If a book has an average human’s lifespan, let’s say 80 years, then right now The Six Pack is staying out late, drinking too much, and making bad decisions (and The Wax Pack is collecting Social Security). In four days I hit the road in the FF (Ford Fusion), and will share the research process with you as I meet ex-wrestlers and visit the places that shaped them. I want to provide the ultimate appetizer, letting you behind the curtain to see what field work is like for this type of narrative non-fiction project. I’m often jealous of my novel-writing friends, who, when faced with a character dilemma, can just change the character.

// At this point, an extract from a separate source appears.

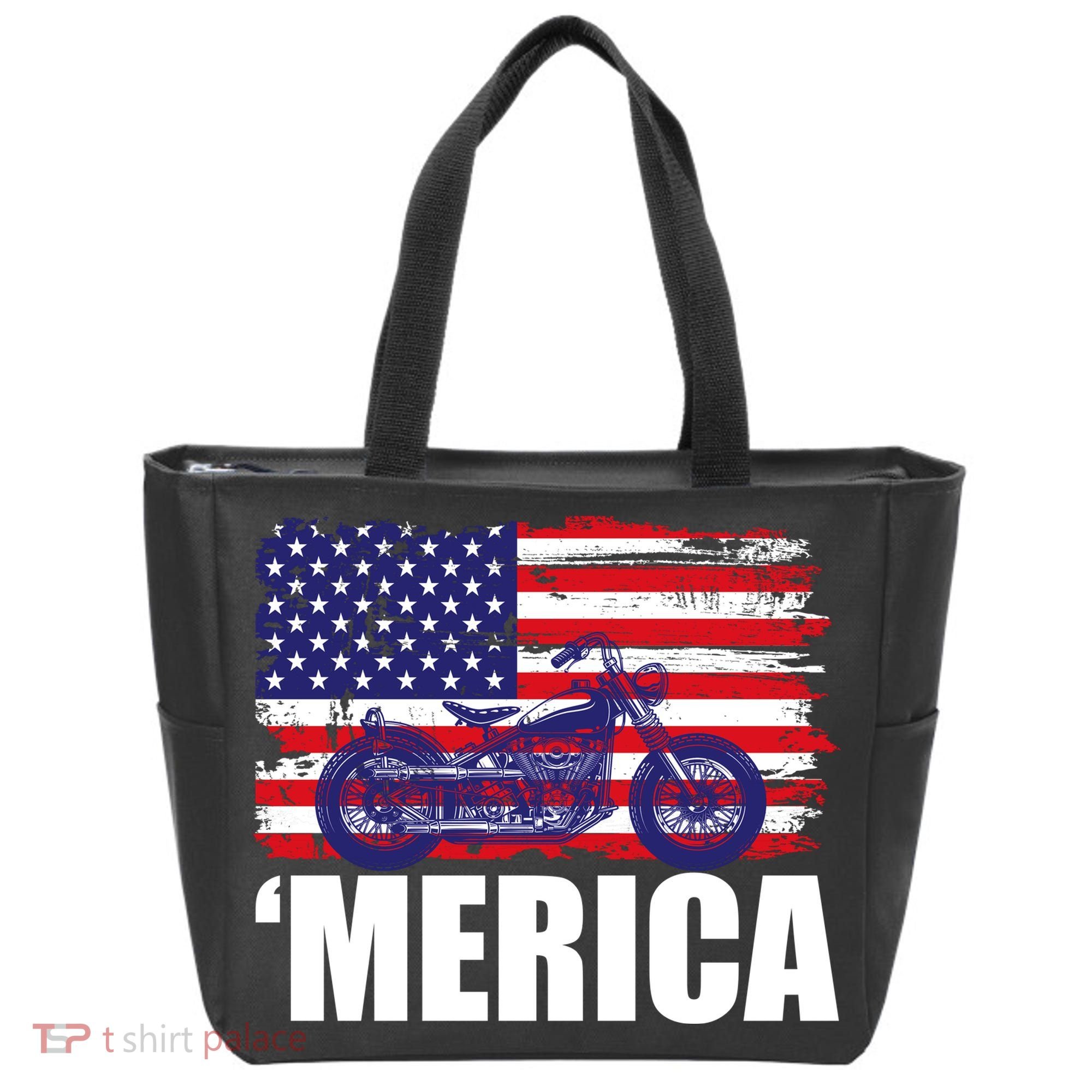 Merica USA Motorcycle  Tote Bag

Writing creative non-fiction sometimes feels like writing two books in one — I have to produce something that is true and accurate and has all its facts checked, but then oh-by-the-way I must also make sure it’s just as gripping as any work of fiction.

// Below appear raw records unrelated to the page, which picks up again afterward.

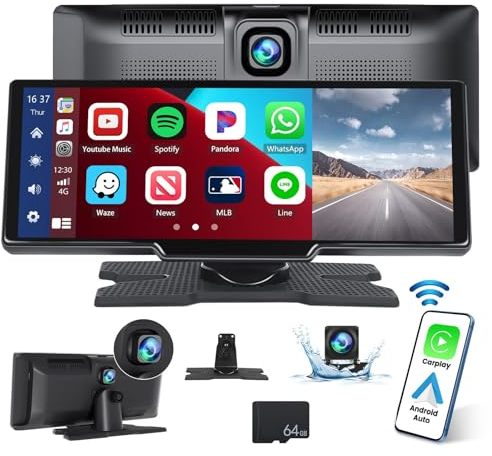 CAMECHO 9.3 Zoll Wireless Car Stereo Screen für CarPlay & Android Auto Tragbares Autoradio mit Dashcam Vorne, 9.3 Zoll Touchscreen Drahtlosem Carplay mit Siri/Bluetooth/FM Transmitter/AUX/64G SD-Karte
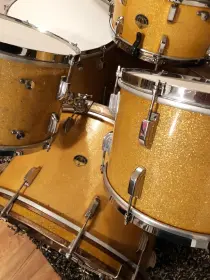 FOR SALE: Vintage 1949-50 Leedy &amp; Ludwig 13/13/18/24/14 Drum Set in Gold Flash Pearl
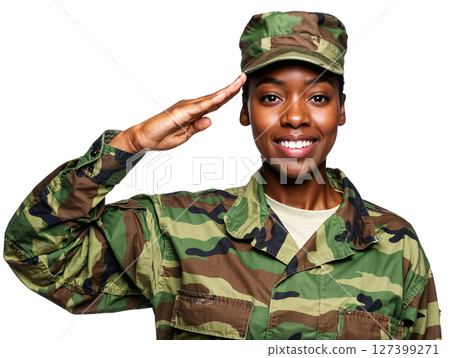African female soldier. Black woman in uniform saluting. Transparent background. PNG African female soldier. Black woman in uniform saluting. Transparent background. PNG 127399271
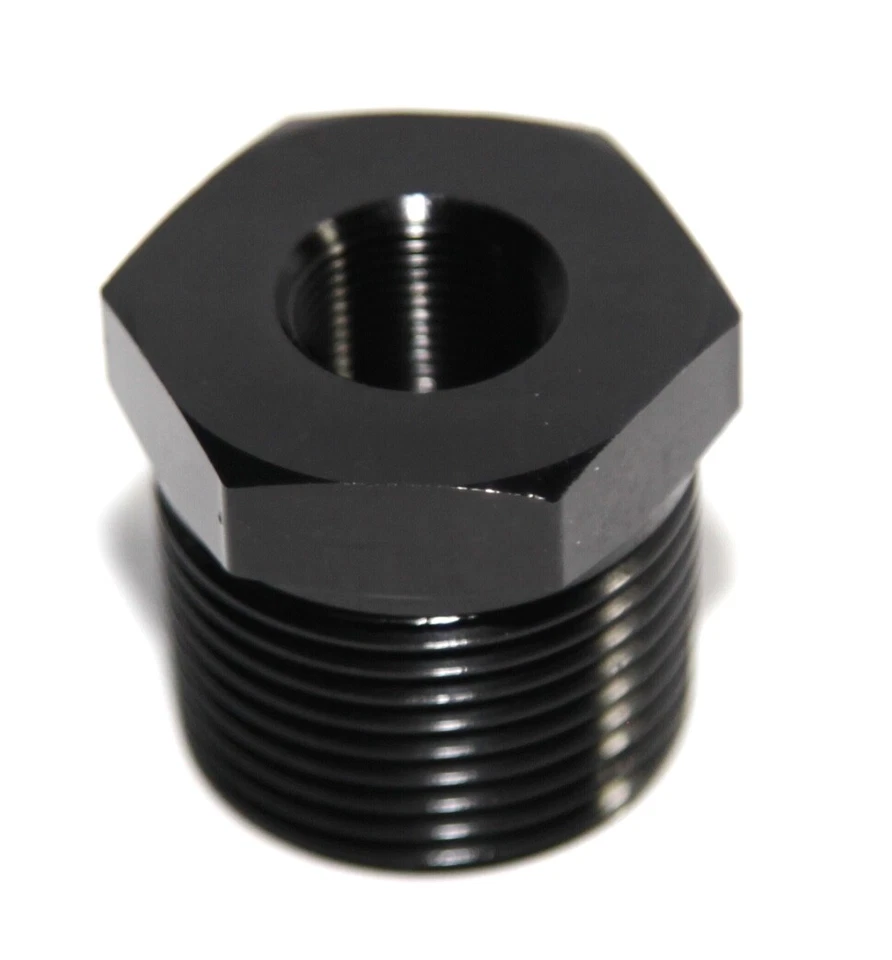 Adaptador reductor de manguera de filtro de aceite roscado automático 5 piezas negro 1/2-28 a 3/4 NPT Foto 4 de 4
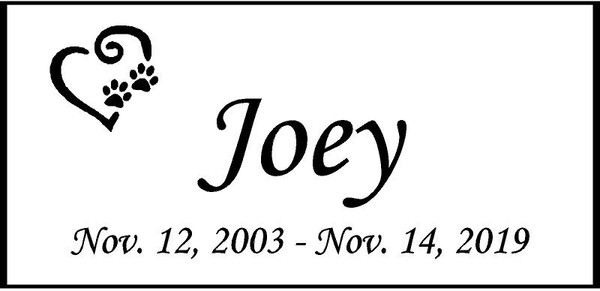 Personalized Engraved Memorial  Stone 11.5 x 5.5" Joey (Blue Image)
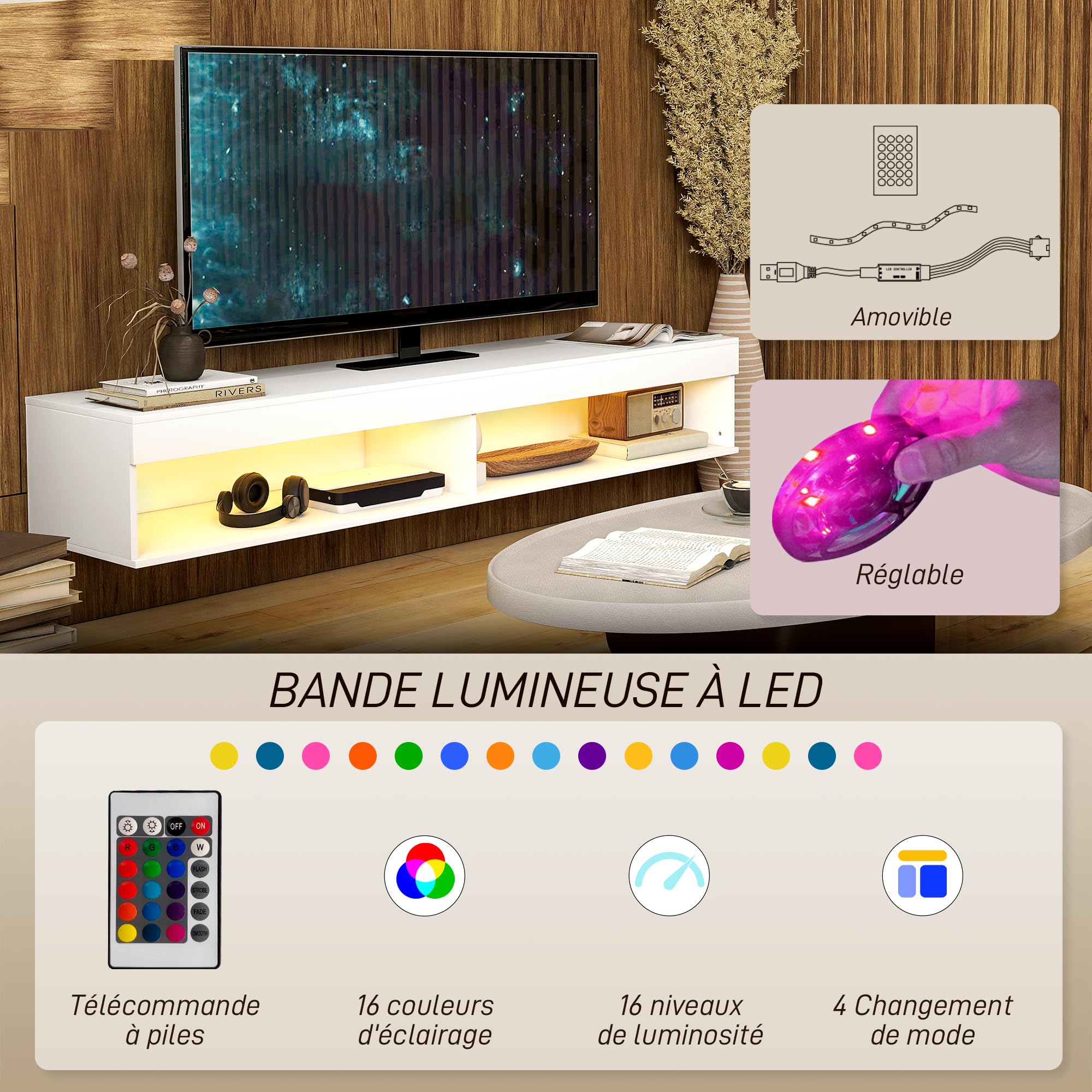 HOMCOM Meuble TV Suspendu Mural pour TV 75 Pouces 80 x 40 x 30 cm Blanc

In the WWF’s heyday in the mid-1980s, wrestlers were often on the road for 60–90 days at a time, literally without a day off. In order to understand what that must have been like, I am subjecting myself to something similar on this upcoming nine-week road trip. Unlike my mat protagonists who rode together from town to town (their lead feet filling local police departments’ coffers in the process), I will be doing this mission solo, with nothing but my editor Brant Rumble’s playlists to keep me awake. I am also vowing to uphold my self-imposed rule of no food in the car (coffee doesn’t count).
Like Rowdy Roddy Piper and the Ultimate Warrior, I will live out of a suitcase, except mine will have markedly less face paint and fewer kilts. I will visit small towns and big cities alike, seeking to understand the American psyche that has made pro wrestling such an enduring pastime. Staying on brand, I will champion the underdog by staying in roadside motels, places with names like The Green Parrot Inn and Good Nite Motel that hearken back to a less corporate time in our country’s history. I want to meet the other people who stay there, show them my Iron Sheik doll, and see where the wind takes us.
Only about 10% of the time working on a book is actually spent writing the book. The rest you’re about to witness for yourself.